→ Dataset records
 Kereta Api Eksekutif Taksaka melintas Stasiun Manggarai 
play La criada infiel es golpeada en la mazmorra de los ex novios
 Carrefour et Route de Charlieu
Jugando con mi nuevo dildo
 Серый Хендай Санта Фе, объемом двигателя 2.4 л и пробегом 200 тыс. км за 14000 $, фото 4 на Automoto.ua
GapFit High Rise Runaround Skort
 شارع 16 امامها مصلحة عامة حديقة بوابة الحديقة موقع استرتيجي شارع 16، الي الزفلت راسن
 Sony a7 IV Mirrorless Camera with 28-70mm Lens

---

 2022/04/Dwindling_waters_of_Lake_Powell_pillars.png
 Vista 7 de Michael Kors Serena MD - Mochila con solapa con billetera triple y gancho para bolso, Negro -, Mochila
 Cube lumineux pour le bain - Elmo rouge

→ What to work on
Keep both end lines and retype everything in the records above from the line containing "Vista 7 de Michael" through the line containing "Cube lumineux pour le bain - Elmo rouge", exactly, with nothing else.

→ Answer box
 Vista 7 de Michael Kors Serena MD - Mochila con solapa con billetera triple y gancho para bolso, Negro -, Mochila
 Cube lumineux pour le bain - Elmo rouge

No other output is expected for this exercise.